宇佐美はたしかに日本屈指のドリブラーだが、2人との間に大きなクオリティー差はない。また、乾は15年3月のウズベキスタン戦、齋藤は昨年10月のオマーン戦と現政権下唯一の試合で大きなインパクトを残せなかったのは事実ながらも、現時点の試合勘とコンディションでは明らかに宇佐美を上回っている。
 
 それでもハリルホジッチ監督は宇佐美に賭けた。一時は左ウイングでレギュラー起用したほどその才能に惚れ込んでいるのは分かるが、不可解な選考と言っていい。
 長友の選出もサプライズだった。昨年11月にステーファノ・ピオーリ新監督が招聘されて以降も、相変わらずバックアッパーという立場から抜け出せていないからだ。
 
 11月のミラノ・ダービー後には、「いつも僕はこの立場から這い上がってきた。今回も諦めずに戦う」と語り、複数の移籍先候補が浮上した1月の移籍マーケットでも残留を決断。しかし、2017年にインテルが戦った公式戦12試合で、プレータイムを得たのはわずか2試合で(先発と途中出場が1回ずつ)で、10試合でベンチを温めるだけに終わっている。
 
 そもそもここ数年は怪我が増え、以前のような90分間を通じて運動量を保てないケースが少なくない。
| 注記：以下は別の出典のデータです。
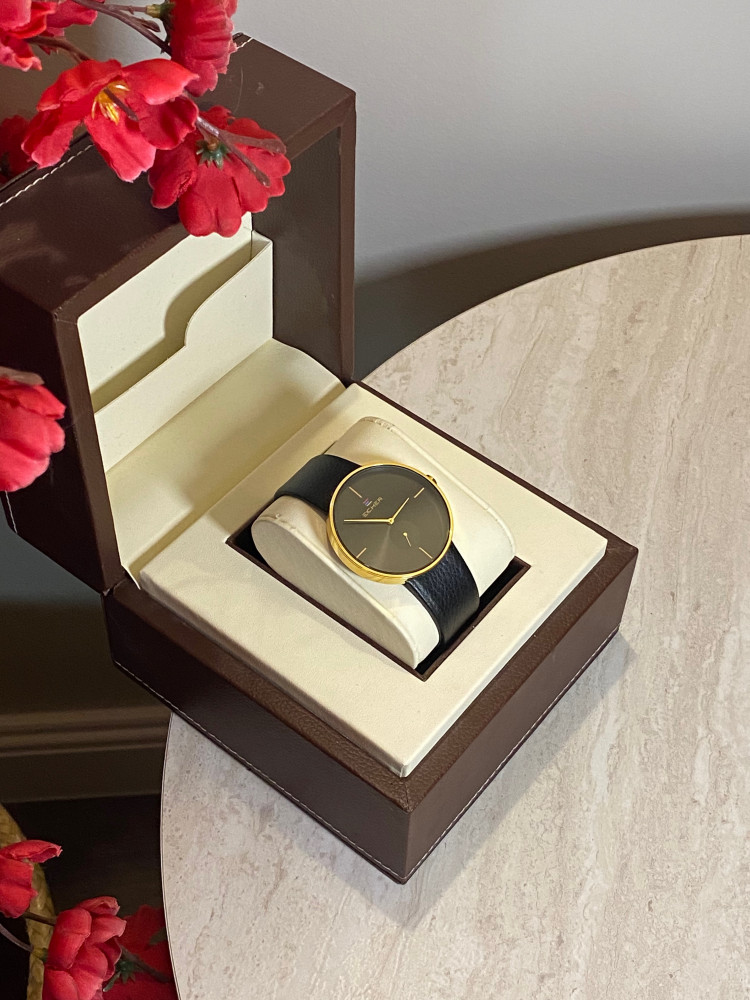 Men's leather watch, two-year warranty
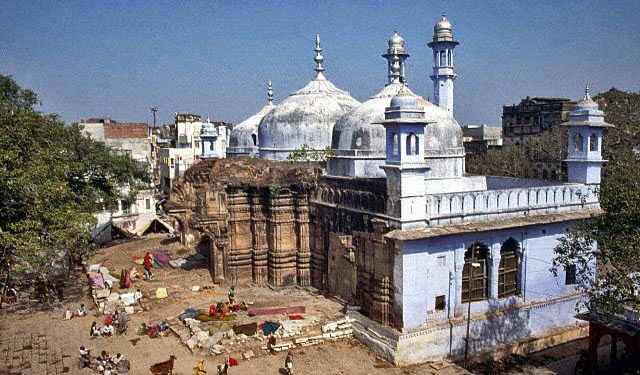 Varanasi_Gyanvapi+Mosque.jpg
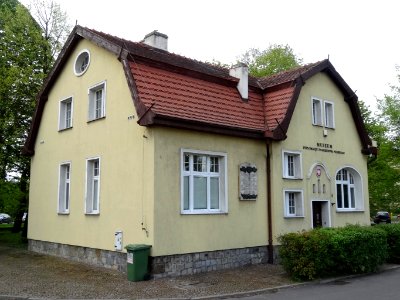 Bdg MuzeumDyplomacji i Uchodzstwai 2 4-2015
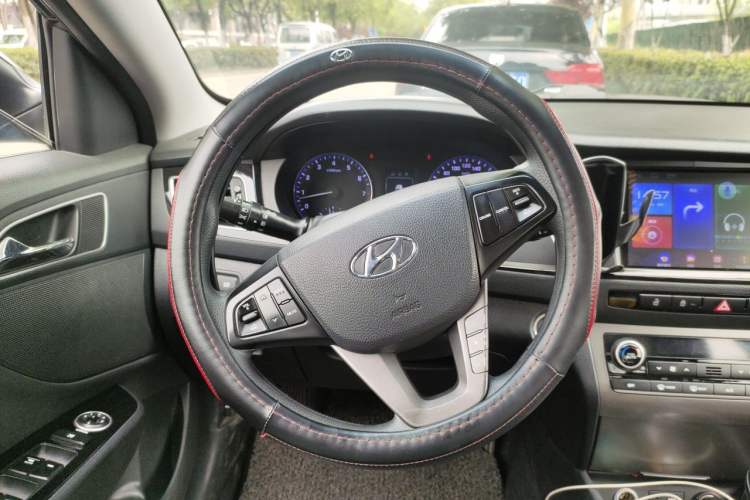 Used Hyundai Mistra 2014 1.8L Automatic Smart GLS Steering Wheel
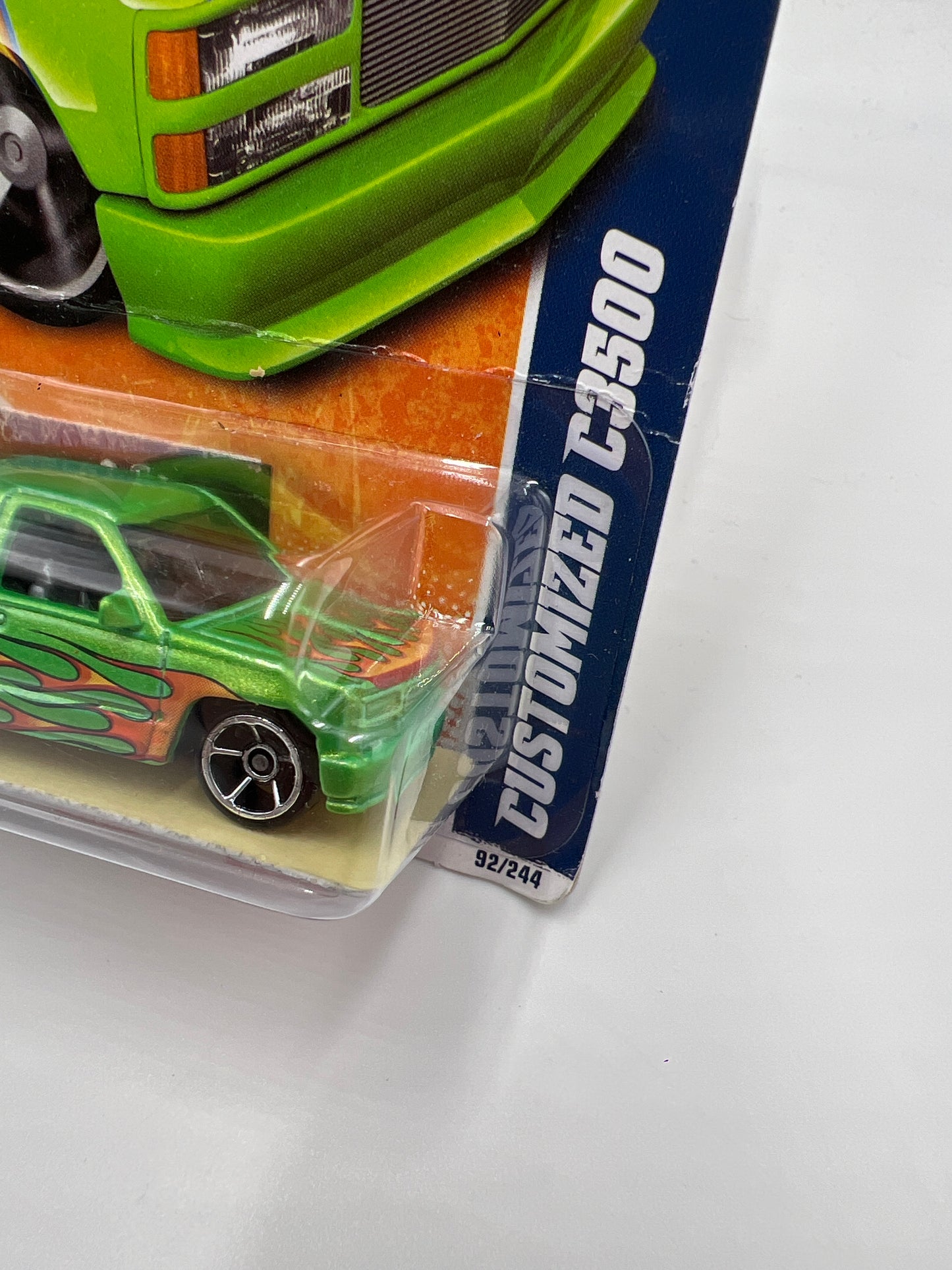 2011 Hot Wheels Heat Fleet #92 Customized C3500 Green W/License Plate Has Vein Above Blister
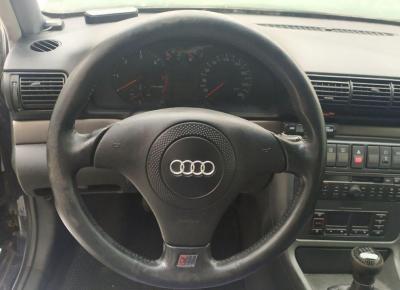 Фото Audi A4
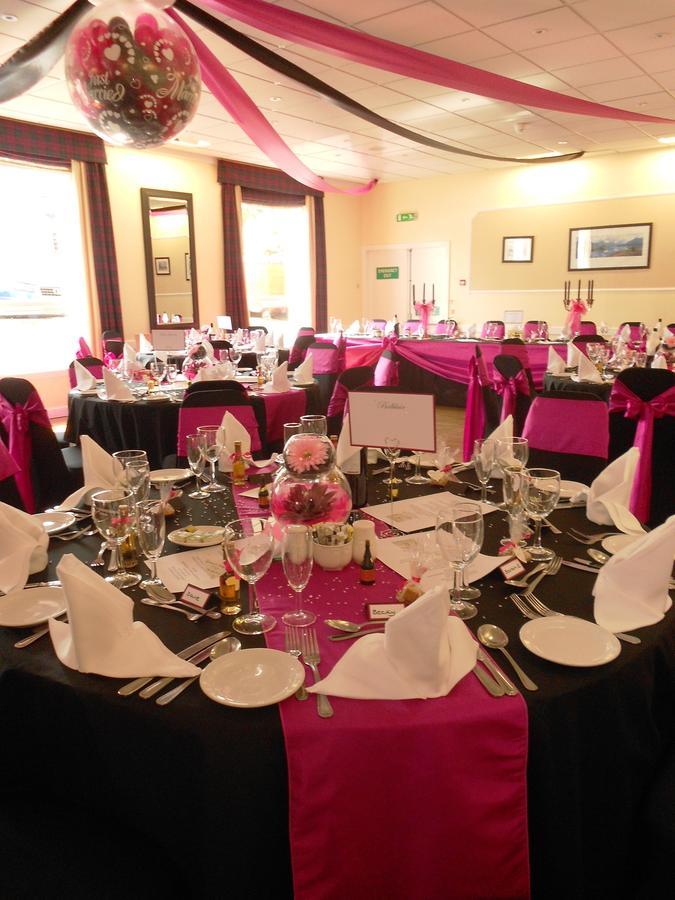 The Royal Hotel Tain Bagian luar foto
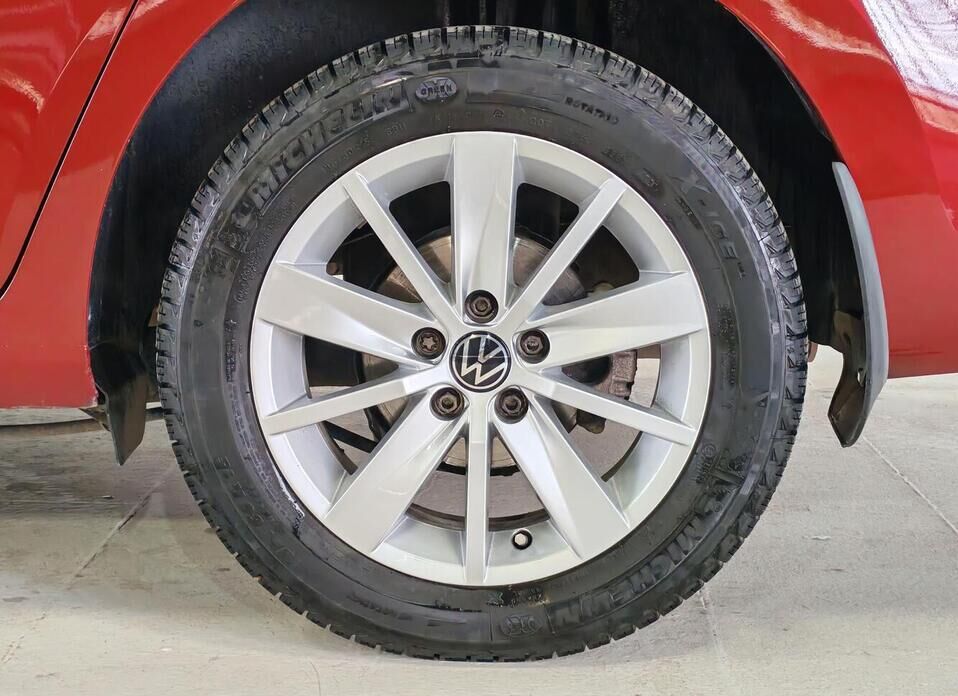 Volkswagen Polo, VI 1.6 AT (110 л.с.)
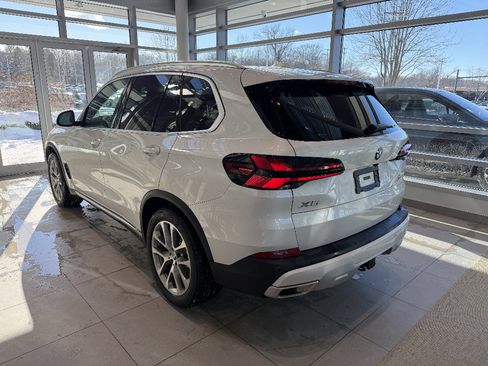 New 2026 BMW X5 xDrive40i w/ Climate Comfort Package AWD/4WD image 4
それでも太田宏介(FC東京)や藤春廣輝(G大阪)を選ばずに長友を呼んだ理由を、指揮官はこう明かしている。
 
「あまりゲームに出ていないので心配ではあります。しかし、ミラノでは長友と本田に会いましたが、長友は素晴らしいプロフェッショナルです。クラブのなかで非常に激しいポジション争いをしており、ゲームに出なかった時は個別にトレーニングしてそれを補おうとしている」
 
 本田もさらに酷い状況だ。ミラン入団4年目を迎えた今シーズンは、若手のスソに右ウイングのレギュラーの座を奪われ、開幕からベンチ暮らし。しかも、1月には退団の噂がいくつも浮上しながらも残留を決断し、2月下旬にはMLSのシアトル・サウンダーズへの移籍が急浮上したが、こちらも結局は即決定には至らなかった。
 
 結果、2017年に入って以降の出番は1月25日のコッパ・イタリア準々決勝(ユベントス戦)のアディショナルタイムのみで、股関節痛でベンチ外となった3月10日のユベントス戦を含めて目下、公式戦21試合連続出番なしという状態なのだ。さらに、現地時間3月15日には、同日のチーム練習をインフルエンザで休んだことがミランから発表されていた。
 
 開幕から7か月が経過した段階で95分間しかプレータイムがないため試合勘に欠け、怪我とインフルエンザでコンディションも整っていない選手を招集し、2月19日の国内リーグではハットトリックを達成するなど好調な南野拓実(ザルツブルク)、Jリーグで結果を残している小林悠(川崎)、鈴木優磨(鹿島)らを落とした理由はどこにあるのか……。ハリルホジッチ監督はこう明かしている。
 
「(所属クラブで)試合に出ていなくても、今の代表は本田を必要としている。これまで20試合近くを彼と戦ってきたし、チームのトップスコアラー(現政権下で9ゴール)でもある。もちろん、ミランでより多くの試合に出てほしいというのが私の願いだが、いつもプラスアルファのトレーニングをしているということも分かっている。この代表は彼の存在を必要としている。彼が出るのか、何分出るのかは別の問題。しかし、その存在は我々にとって重要だ」
 1つでも黒星が付けば他会場の結果次第で4位(予選敗退)に転落する可能性もあるこの3月シリーズは、日本にとってロシア行きが懸かった重要極まりない連戦。そこでハリルホジッチ監督はコンディションや試合勘ではなく、経験と実績を重視した格好だ。さらに、本田と長友に関しては、代役になる存在が今も見出せていないと吐露している。